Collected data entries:
_ _ _ _ _

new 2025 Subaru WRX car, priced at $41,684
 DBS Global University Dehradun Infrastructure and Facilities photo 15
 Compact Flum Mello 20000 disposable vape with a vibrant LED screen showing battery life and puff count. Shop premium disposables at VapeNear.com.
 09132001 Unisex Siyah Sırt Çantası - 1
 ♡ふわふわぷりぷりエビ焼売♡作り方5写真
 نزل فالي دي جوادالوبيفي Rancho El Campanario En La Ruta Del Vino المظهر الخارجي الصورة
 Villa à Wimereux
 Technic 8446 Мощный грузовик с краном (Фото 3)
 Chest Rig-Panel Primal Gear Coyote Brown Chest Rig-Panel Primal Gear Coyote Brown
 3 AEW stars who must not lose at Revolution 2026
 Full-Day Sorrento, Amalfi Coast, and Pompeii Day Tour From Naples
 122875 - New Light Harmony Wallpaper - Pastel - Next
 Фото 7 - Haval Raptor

_ _ _ _ _

(PROBLEM REQUIREMENTS) Beginning at the top of the data, extract each line through the line containing "Compact Flum Mello" and return those lines exactly, with nothing added.

(RESULT OF THE EXERCISE)
new 2025 Subaru WRX car, priced at $41,684
 DBS Global University Dehradun Infrastructure and Facilities photo 15
 Compact Flum Mello 20000 disposable vape with a vibrant LED screen showing battery life and puff count. Shop premium disposables at VapeNear.com.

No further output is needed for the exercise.